Dear brothers and sisters,

A person approached me saying he believes the Bible "includes" or "has" the Words of God in it, and those Words then ,he believes 100%.

He argues that in Job 22, God is not the one speaking, it's Eliphaz, as he incites Job against God.

So he says its Eliphaz speaking in this whole chapter. 

I believe every word of the Bible IS the Word of God, and even if it is Satan speaking, God inspired Prophets to record those inspired words.

What can I say to him?


----------



## Zach (Jan 10, 2013)

All Scripture is breathed out by God and profitable for teaching, for reproof, for correction, and for training in righteousness, that the man of God may be complete, equipped for every good work. (2 Timothy 3:16-17 ESV)


----------



## arapahoepark (Jan 10, 2013)

The words spoken by Eliphaz help to emphasize the glory of God in the story, by showing he is wrong, and God is right, and as he is God he can do whatever.
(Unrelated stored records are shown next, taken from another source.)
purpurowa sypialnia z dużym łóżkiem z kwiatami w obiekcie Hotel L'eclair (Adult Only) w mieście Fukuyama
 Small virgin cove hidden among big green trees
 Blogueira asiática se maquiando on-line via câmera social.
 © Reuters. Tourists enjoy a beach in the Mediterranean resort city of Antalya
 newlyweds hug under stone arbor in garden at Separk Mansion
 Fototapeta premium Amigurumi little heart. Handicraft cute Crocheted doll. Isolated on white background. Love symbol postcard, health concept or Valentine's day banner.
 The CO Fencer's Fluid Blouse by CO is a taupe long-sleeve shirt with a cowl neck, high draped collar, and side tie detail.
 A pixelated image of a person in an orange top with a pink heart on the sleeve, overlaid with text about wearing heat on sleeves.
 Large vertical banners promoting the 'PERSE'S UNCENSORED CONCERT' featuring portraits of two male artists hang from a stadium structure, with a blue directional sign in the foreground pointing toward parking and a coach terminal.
God uses means for his purposes. What then does he say of Paul? Are those not the words of God himself through Paul? As he uses the moral law with the ceremonial law abolished and such, or was that improper for Paul to say? Must we go back to the very words of all of the Pentateuch and establish all the civil punishments? Should we put out a woman or a man for their natural bodily discharge since those words came from God himself? Press him on these questions. What about God speaking through people? He did that through Moses, or does he advocate that subjective experience that God is talking to him? What about the histories? Are those not part of God's word as well?

He must be one of those very naive 'red-letter' Christians. Or sounds like the Sadducees (who believed only the Pentateuch was the word of God), or the Jews of the time that believed the Pentateuch was above the rest of the old testament, then the prophets, and then the writings as sort of lesser 'words of God.'


----------